Their argument is simple.
- The government wants to control the people, or obtain a resource, or pursue some objective that could not be reasonably achieved if transparently presented to the citizenry.
- The government "propaganda machine," sometimes in coordination with "the media" and "big business," "manufactures" a "crisis" whose only solution is increased government power.
- The people acquiesce in order to preserve their safety, and the government achieves its objective.
As a result, those who see the world in this manner treat any discussion of real threats as step 2 in this process towards decreased liberty via increased government power. Those who seek to inform the citizenry of real threats are dismissed as sowing "FUD."
This is a tragedy, because it means that we continue to suffer at the hands of real threats who laugh while pillaging their target.
Yes, there are surely those in government who see any crisis as an opportunity to advance their agenda. Yes, governments have manufactured threats in the past to justify action. I am a history major so I am well schooled in these events, and as a libertarian I am suspicious of the government.

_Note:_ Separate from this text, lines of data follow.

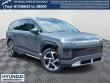 New 2026 Hyundai IONIQ 9 Performance Limited SUV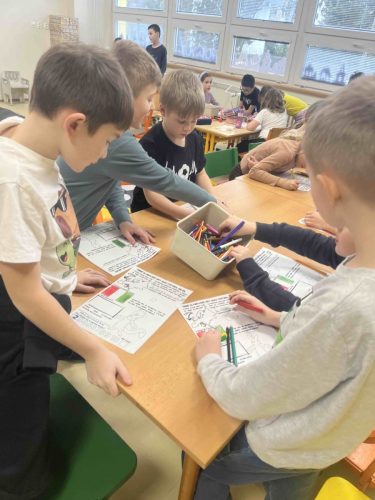 02 smajlici olympiada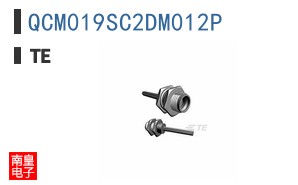 QCM019SC2DM012P
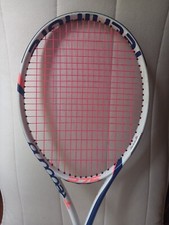 Raquette tennis tecnifibre d'occasion  Montpellier-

However, I am not blinded to reality, unlike those who choose to dismiss threats as "simple espionage" and the like.
In the past I've been somewhat ambiguous about cyberwar. Starting now, I've decided to say it: cyberwar is real.
The reason some others aren't willing to say this is because they are keeping their minds narrowed to historical definitions of war, or they are not aware of the "facts on the ground," or they choose to ignore facts because they see them as elements of "step 2" and thereby inherently false.
I mentioned in a recent post that Attrition.org has decided to ridicule those who quote Sun Tzu, and I largely agree. At the micro level of civilian defense of corporate systems, where defenders cannot strike back, "war" does not seem to be the correct paradigm, so Sun Tzu fails as a way to interpret enterprise defense.
However, at the level of nation states, the entities which wage war, Sun Tzu is as applicable as ever. And this is the problem with those who dismiss cyberwar; they think that without bullets being fired, there is no war. Sun Tzu would laugh at that:
For to win one hundred victories in one hundred battles is not the acme of skill. To subdue the enemy without fighting is the acme of skill.
Bruce Lee, and before him Tsukahara Bokuden understood that "fighting without fighting" is the highest form of war.
Cyberwar, therefore, may be seen as a means to subdue the enemy without traditional "fighting."
It's likely that if those who dismiss cyberwar as "simple espionage" gain the political and philosophical high ground, and threats continue to ravage their victims, no bullets would ever need to be fired. The victim would not need to be "conquered" by traditional means; physical "war" would be redundant.
Does all this mean I agree with government plans to "defend" the Internet? Of course not. However, it is foolish to dismiss the threat because one does not agree with a government-proposed "solution."